## WORK INSTRUCTION
Reproduce the entries in full. Exclude all images from the copy.

━━━━━━━━━━━━━━━━━━━━━━━━━━━━━━

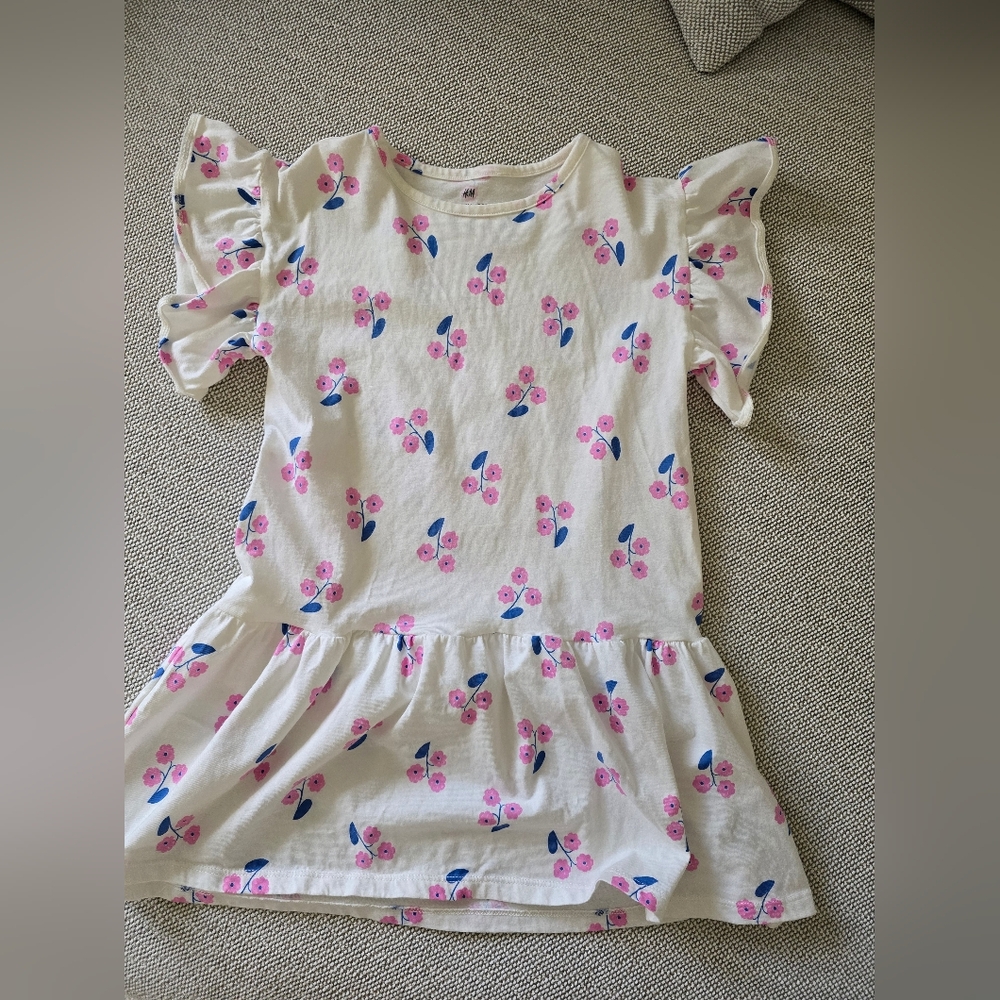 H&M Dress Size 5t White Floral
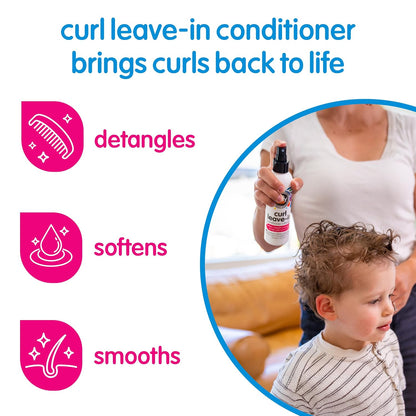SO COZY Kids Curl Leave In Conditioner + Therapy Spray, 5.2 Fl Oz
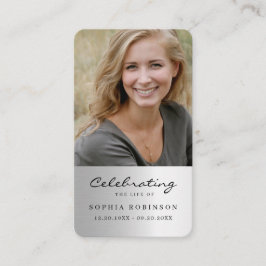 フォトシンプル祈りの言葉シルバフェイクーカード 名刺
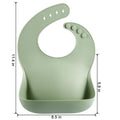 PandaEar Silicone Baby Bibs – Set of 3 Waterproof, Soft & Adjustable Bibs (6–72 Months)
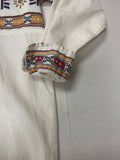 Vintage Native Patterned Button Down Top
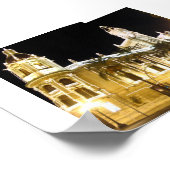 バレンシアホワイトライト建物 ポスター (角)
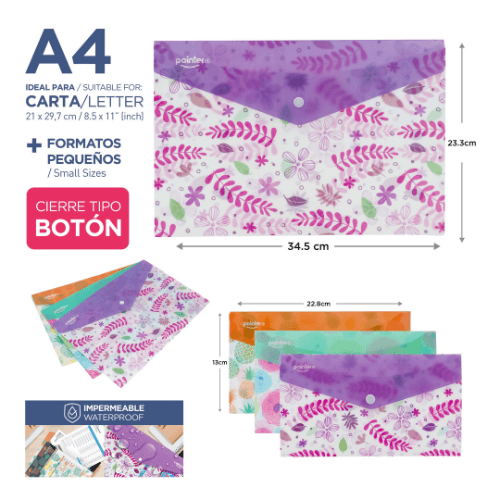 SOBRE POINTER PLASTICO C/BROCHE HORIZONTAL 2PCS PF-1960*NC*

━━━━━━━━━━━━━━━━━━━━━━━━━━━━━━

## WORKED SOLUTION
 H&M Dress Size 5t White Floral
SO COZY Kids Curl Leave In Conditioner + Therapy Spray, 5.2 Fl Oz
 フォトシンプル祈りの言葉シルバフェイクーカード 名刺
 PandaEar Silicone Baby Bibs – Set of 3 Waterproof, Soft & Adjustable Bibs (6–72 Months)
 Vintage Native Patterned Button Down Top
 バレンシアホワイトライト建物 ポスター (角)
 SOBRE POINTER PLASTICO C/BROCHE HORIZONTAL 2PCS PF-1960*NC*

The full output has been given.